Short descriptive text snippets
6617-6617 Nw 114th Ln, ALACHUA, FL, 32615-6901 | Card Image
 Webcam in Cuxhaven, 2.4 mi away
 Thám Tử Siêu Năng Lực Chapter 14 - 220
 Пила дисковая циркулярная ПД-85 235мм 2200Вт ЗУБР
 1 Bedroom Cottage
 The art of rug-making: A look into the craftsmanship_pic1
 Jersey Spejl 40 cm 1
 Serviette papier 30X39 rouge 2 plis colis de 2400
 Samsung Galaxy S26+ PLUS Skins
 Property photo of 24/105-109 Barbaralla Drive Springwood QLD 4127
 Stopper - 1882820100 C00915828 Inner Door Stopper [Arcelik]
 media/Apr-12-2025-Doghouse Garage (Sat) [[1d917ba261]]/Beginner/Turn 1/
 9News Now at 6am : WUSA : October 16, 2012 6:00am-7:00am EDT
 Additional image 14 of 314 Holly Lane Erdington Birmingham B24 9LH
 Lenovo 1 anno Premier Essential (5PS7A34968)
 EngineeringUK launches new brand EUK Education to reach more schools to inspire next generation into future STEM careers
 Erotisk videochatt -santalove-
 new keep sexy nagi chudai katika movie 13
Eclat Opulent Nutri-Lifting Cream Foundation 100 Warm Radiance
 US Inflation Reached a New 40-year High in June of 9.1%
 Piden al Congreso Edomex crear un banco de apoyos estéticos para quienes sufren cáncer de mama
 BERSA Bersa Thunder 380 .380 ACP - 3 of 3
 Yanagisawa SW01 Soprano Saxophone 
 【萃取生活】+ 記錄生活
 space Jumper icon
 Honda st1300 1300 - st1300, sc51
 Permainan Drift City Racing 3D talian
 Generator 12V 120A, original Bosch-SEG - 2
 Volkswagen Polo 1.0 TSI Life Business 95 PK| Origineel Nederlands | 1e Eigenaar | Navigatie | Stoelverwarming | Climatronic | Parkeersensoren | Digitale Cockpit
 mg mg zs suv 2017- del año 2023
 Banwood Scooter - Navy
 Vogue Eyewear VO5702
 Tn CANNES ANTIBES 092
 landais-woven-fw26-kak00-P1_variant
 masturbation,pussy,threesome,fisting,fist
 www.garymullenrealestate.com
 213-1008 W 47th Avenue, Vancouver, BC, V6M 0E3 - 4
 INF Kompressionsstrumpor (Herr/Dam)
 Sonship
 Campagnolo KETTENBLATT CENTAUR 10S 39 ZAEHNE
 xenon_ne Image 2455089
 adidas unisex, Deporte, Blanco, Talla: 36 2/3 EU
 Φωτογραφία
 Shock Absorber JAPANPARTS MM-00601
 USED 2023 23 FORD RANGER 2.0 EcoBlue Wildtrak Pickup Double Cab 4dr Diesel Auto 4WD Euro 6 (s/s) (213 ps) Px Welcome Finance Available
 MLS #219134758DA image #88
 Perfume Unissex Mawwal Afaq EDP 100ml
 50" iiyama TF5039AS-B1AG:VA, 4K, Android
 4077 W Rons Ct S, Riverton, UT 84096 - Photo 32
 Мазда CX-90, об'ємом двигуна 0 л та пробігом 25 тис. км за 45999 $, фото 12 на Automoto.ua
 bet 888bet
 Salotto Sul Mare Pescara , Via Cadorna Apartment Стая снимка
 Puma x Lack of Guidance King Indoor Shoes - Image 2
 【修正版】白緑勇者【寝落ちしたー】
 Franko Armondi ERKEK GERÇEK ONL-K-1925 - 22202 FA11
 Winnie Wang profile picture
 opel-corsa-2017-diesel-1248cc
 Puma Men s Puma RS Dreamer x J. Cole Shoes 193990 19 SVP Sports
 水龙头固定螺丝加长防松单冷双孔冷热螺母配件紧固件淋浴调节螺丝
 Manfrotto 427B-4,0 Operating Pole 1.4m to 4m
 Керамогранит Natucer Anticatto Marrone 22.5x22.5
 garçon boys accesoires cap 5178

WHAT YOU HAVE TO DO: Repeat each of the entries exactly as written.

WRITTEN ANSWER:
6617-6617 Nw 114th Ln, ALACHUA, FL, 32615-6901 | Card Image
 Webcam in Cuxhaven, 2.4 mi away
 Thám Tử Siêu Năng Lực Chapter 14 - 220
 Пила дисковая циркулярная ПД-85 235мм 2200Вт ЗУБР
 1 Bedroom Cottage
 The art of rug-making: A look into the craftsmanship_pic1
 Jersey Spejl 40 cm 1
 Serviette papier 30X39 rouge 2 plis colis de 2400
 Samsung Galaxy S26+ PLUS Skins
 Property photo of 24/105-109 Barbaralla Drive Springwood QLD 4127
 Stopper - 1882820100 C00915828 Inner Door Stopper [Arcelik]
 media/Apr-12-2025-Doghouse Garage (Sat) [[1d917ba261]]/Beginner/Turn 1/
 9News Now at 6am : WUSA : October 16, 2012 6:00am-7:00am EDT
 Additional image 14 of 314 Holly Lane Erdington Birmingham B24 9LH
 Lenovo 1 anno Premier Essential (5PS7A34968)
 EngineeringUK launches new brand EUK Education to reach more schools to inspire next generation into future STEM careers
 Erotisk videochatt -santalove-
 new keep sexy nagi chudai katika movie 13
Eclat Opulent Nutri-Lifting Cream Foundation 100 Warm Radiance
 US Inflation Reached a New 40-year High in June of 9.1%
 Piden al Congreso Edomex crear un banco de apoyos estéticos para quienes sufren cáncer de mama
 BERSA Bersa Thunder 380 .380 ACP - 3 of 3
 Yanagisawa SW01 Soprano Saxophone 
 【萃取生活】+ 記錄生活
 space Jumper icon
 Honda st1300 1300 - st1300, sc51
 Permainan Drift City Racing 3D talian
 Generator 12V 120A, original Bosch-SEG - 2
 Volkswagen Polo 1.0 TSI Life Business 95 PK| Origineel Nederlands | 1e Eigenaar | Navigatie | Stoelverwarming | Climatronic | Parkeersensoren | Digitale Cockpit
 mg mg zs suv 2017- del año 2023
 Banwood Scooter - Navy
 Vogue Eyewear VO5702
 Tn CANNES ANTIBES 092
 landais-woven-fw26-kak00-P1_variant
 masturbation,pussy,threesome,fisting,fist
 www.garymullenrealestate.com
 213-1008 W 47th Avenue, Vancouver, BC, V6M 0E3 - 4
 INF Kompressionsstrumpor (Herr/Dam)
 Sonship
 Campagnolo KETTENBLATT CENTAUR 10S 39 ZAEHNE
 xenon_ne Image 2455089
 adidas unisex, Deporte, Blanco, Talla: 36 2/3 EU
 Φωτογραφία
 Shock Absorber JAPANPARTS MM-00601
 USED 2023 23 FORD RANGER 2.0 EcoBlue Wildtrak Pickup Double Cab 4dr Diesel Auto 4WD Euro 6 (s/s) (213 ps) Px Welcome Finance Available
 MLS #219134758DA image #88
 Perfume Unissex Mawwal Afaq EDP 100ml
 50" iiyama TF5039AS-B1AG:VA, 4K, Android
 4077 W Rons Ct S, Riverton, UT 84096 - Photo 32
 Мазда CX-90, об'ємом двигуна 0 л та пробігом 25 тис. км за 45999 $, фото 12 на Automoto.ua
 bet 888bet
 Salotto Sul Mare Pescara , Via Cadorna Apartment Стая снимка
 Puma x Lack of Guidance King Indoor Shoes - Image 2
 【修正版】白緑勇者【寝落ちしたー】
 Franko Armondi ERKEK GERÇEK ONL-K-1925 - 22202 FA11
 Winnie Wang profile picture
 opel-corsa-2017-diesel-1248cc
 Puma Men s Puma RS Dreamer x J. Cole Shoes 193990 19 SVP Sports
 水龙头固定螺丝加长防松单冷双孔冷热螺母配件紧固件淋浴调节螺丝
 Manfrotto 427B-4,0 Operating Pole 1.4m to 4m
 Керамогранит Natucer Anticatto Marrone 22.5x22.5
 garçon boys accesoires cap 5178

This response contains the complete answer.